So they should not be able to produce m star sigma star, such that it verifies. Make sense? So what you said is a special case of this. So if they can extract, somehow extract the secret key, then, of course they can forge my signature on any other messages. But we do want to also prevent attack where they cannot extract the secret key, but they somehow can forge another signature.
But usually we want to make the adversary more powerful because then we have higher confidence that we won't be attacked. So adversary is totally reasonable for it to see a bunch of messages from me. Because I am signing messages and output it to the world. So an adversary may have seen some of the message, signature pairs, I generated. But still we do not want to create a forgery.
Now how is that defined? Because see you can definitely send one of these back. That's a valid message signature pair. So our unforgeability requirement is defined to be-- he should not be able to send such a pair where m star is different from any message he has already seen. There is no way to prevent the adversary from sending one of the message signature pairs he has seen before.
So far, pretty straightforward. Now, how can we get digital signatures? So in the early days, researchers-- and it's actually great computer scientists-- they proposed a digital signature can be implemented as the inverse of public key encryption. What does that mean? So I'll use RSA as the example.
So RSA encryption is m to the e mod n. The encryption is c to the d mod n. So the first attempt is we will just use this as our sign function and use this as our verify function. So now the symbol is a little bit confusing. So now I'm signing a message [INAUDIBLE] c.
Let me actually change it. This is RSA encryption. I'm going to transform it into signature scheme where sign signs a message, and verify, raise the signature sigma to the power of e, and checks whether or not I get back my message.
So this actually makes a lot of sense. Why? Because think of m as a ciphertext. Then if I decrypt it, and then re-encrypt it, I should get back my ciphertext. So correctness-- we have correctness.
And why is it unforgeable? Because an attacker does not have the secret key, so he should not be able to decrypt this m here. He cannot run this algorithm. That's the reasoning behind it. So far so good?
But, unfortunately, it is broken. And so I'll give you, say, seven minutes to think about it. Can you come up with an attack, a forgery? You can see a bunch of messages and then output a forgery for a message you haven't seen before. So is the algorithm clear?
AUDIENCE: [INAUDIBLE].
PROFESSOR: Can you speak louder?
AUDIENCE: Is it just the product of any messages?

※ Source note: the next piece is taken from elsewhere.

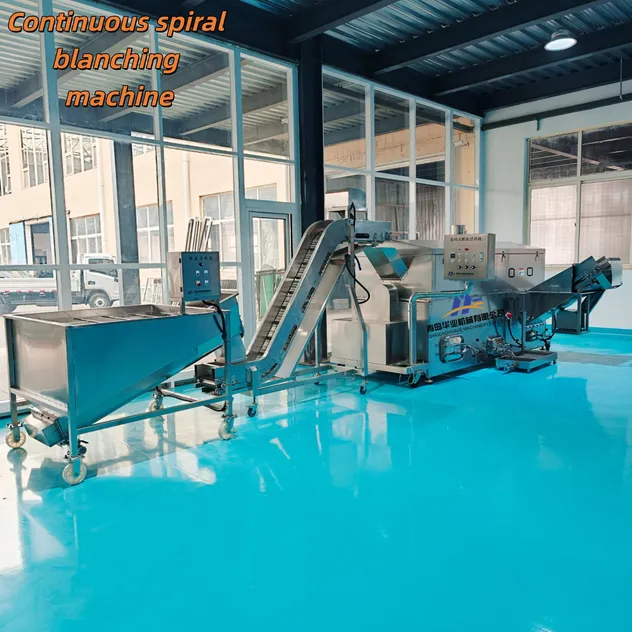 Blanching Machine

PROFESSOR: Exactly. So if an adversary had seen a bunch of messages-- because RSA has this sometimes good, sometimes nice, sometimes bad property, that is multiplicative, homomorphic, or to use a less fancy word-- malleable. So if they, an adversary, sees this message, it can set m star to be m1 times m2 and sigma star to sigma 1 times sigma 2. You can check. This is a valid signature, message signature pair.

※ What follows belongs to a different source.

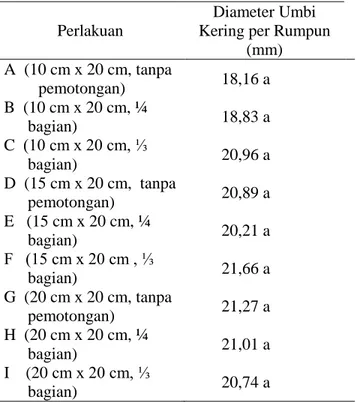 Tabel  13.  Pengaruh  Kombinasi  Jarak  Tanam  dan  Pemotongan  Umbi  Bibit  terhadap  Diameter  Umbi  Kering  per  Rumpun (mm)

You take this entire thing raised to d. They are raised to d individually and then multiply together, and that's exactly this message here. Attack one. OK. There's actually another attack. That's even simpler and tells you this scheme is even more broken.
So all I want to do is to come up with a sigma when it's raised to e, that's equal to m. So I'm going to select the sigma, compute, m sigma raised to e, because e is my public key, mod m. I can do that. And then output sigma m-- oh sorry, m sigma.
I select the signature first, and I raise it to the power of e. I get a very strange message, but it doesn't matter. That's my forgery. OK, so now you can see this scheme is basically totally broken. But they actually come from our, well, several renown scientists.
But why is that a case? Because actually that definition didn't exist when they were trying to when they were working on this problem. And so that definition looks obvious today, but it's actually not obvious at all.
And I think this algorithm came in the 70s, '78. And in '82, Goldwasser and Micali, two professors from MIT, proposed the definition for signature encryption and basically everything in cryptography. And they won another Turing Award for that.
OK, so let's try to fix it. Any ideas? We do not want to change the framework. Let's still use RSA and combine it with some other primitive you have seen to try to fix it.
What do we want to do? We want to break this multiplicative property. And we want to break this, this step, whatever it's called. Go ahead.
AUDIENCE: Can we change the n, maybe?
PROFESSOR: Change this n?
AUDIENCE: Yeah.
PROFESSOR: Right now, just to remind you, it's a product of two primes, OK, pq. It's a product of two primes. It's how RSA works. What's your idea? Go ahead.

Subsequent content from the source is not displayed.